PR Lifecycle Operator
Objective
Own the pull request from creation through post-merge validation with as little manual babysitting as possible.
Terminal outcomes:
- The PR is merged and the deployment looks healthy.
- The PR is merge-safe and waiting on humans.
- A blocker requires user help: ambiguous product intent, permissions, unrelated dirty worktree, external-only outage, or missing deployment visibility.
Do not stop at "PR created" or "CI is green once." Keep following the PR until one of the terminal outcomes is true.
Common Failure Modes
These gotchas appear during real PR automation and require proactive handling:
Watcher Script Exits Silently (Template Resolution)
The watcher can exit unexpectedly if PR template resolution fails during preflight. Root cause: resolve_pr_template.py may fail to parse custom template syntax, or template file is unreadable. Mitigation: always run the resolver in --json mode first to validate template before starting the watcher. If resolution fails, fall back to the bundled default template at assets/default_pr_template.md.
Multiple Watchers on Same PR (Duplicate Comments)
Running multiple gh_pr_watch.py instances for the same PR causes duplicate comment processing and can result in duplicate bot comments or conflicting retry actions. This typically happens when the watcher is restarted without properly stopping the previous session.

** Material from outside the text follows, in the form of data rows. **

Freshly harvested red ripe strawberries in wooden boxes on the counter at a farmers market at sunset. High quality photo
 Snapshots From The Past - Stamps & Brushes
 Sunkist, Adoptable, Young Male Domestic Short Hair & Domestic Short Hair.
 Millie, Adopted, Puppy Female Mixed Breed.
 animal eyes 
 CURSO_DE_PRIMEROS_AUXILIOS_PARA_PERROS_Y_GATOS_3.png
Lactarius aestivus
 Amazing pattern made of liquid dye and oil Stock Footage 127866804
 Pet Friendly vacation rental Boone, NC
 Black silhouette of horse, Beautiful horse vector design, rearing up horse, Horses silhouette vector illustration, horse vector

Mitigation: use one watcher session per PR. Verify no orphaned watcher processes exist before starting: ps aux | grep gh_pr_watch. Kill any stale sessions before resuming.
CI Retry Logic Triggers on Non-Flaky Failures (Quota Waste)
The retry logic may consume the CI retry budget on failures that are not actually transient (e.g., legitimate test failures from branch-specific issues). This wastes quota and can block progress on legitimate issues. Mitigation: always inspect CI logs with gh run view <run-id> --log-failed before retrying. Confirm the failure is truly flaky or unrelated to branch changes. Apply the heuristics in references/heuristics.md strictly before calling --retry-failed-now.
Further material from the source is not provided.